*** Material for this task Section Begins ***

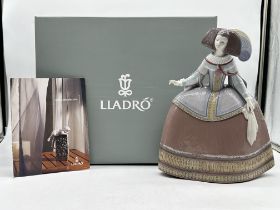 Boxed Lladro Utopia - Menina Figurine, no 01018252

*** Material for this task Section Ends ***
*** Material for this task Section Begins ***

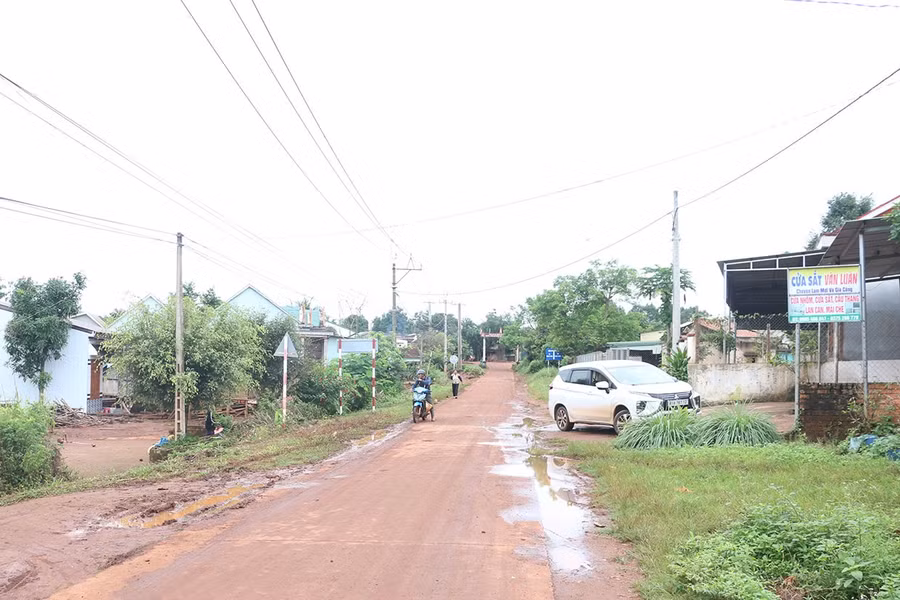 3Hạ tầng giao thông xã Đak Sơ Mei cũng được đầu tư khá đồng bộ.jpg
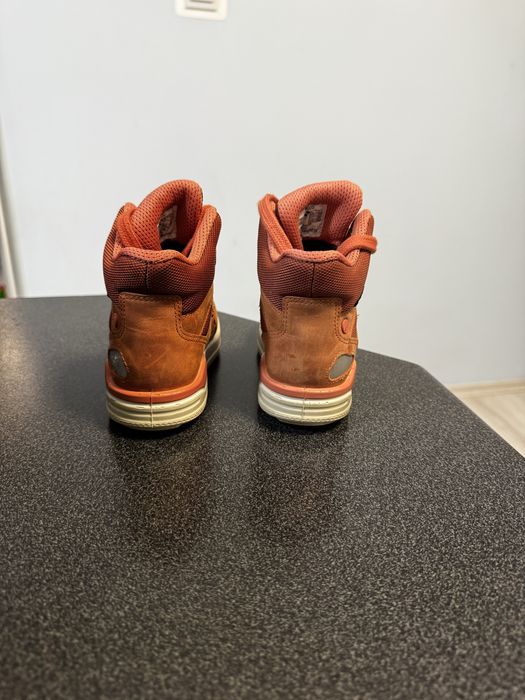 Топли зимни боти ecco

*** Material for this task Section Ends ***
*** Material for this task Section Begins ***

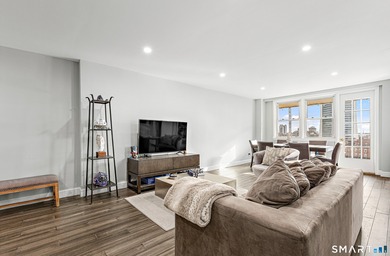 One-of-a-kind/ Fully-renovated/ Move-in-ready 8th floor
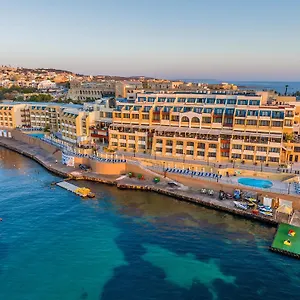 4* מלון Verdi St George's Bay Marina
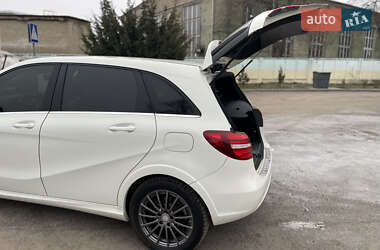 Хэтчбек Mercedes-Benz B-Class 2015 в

*** Material for this task Section Ends ***

* Requirement
Once the line with "3Hạ tầng giao" is found above, transcribe each line from it through the line with "Топли зимни боти ecco", exactly, and omit the pictures.

* Solution to this problem
 3Hạ tầng giao thông xã Đak Sơ Mei cũng được đầu tư khá đồng bộ.jpg
 Топли зимни боти ecco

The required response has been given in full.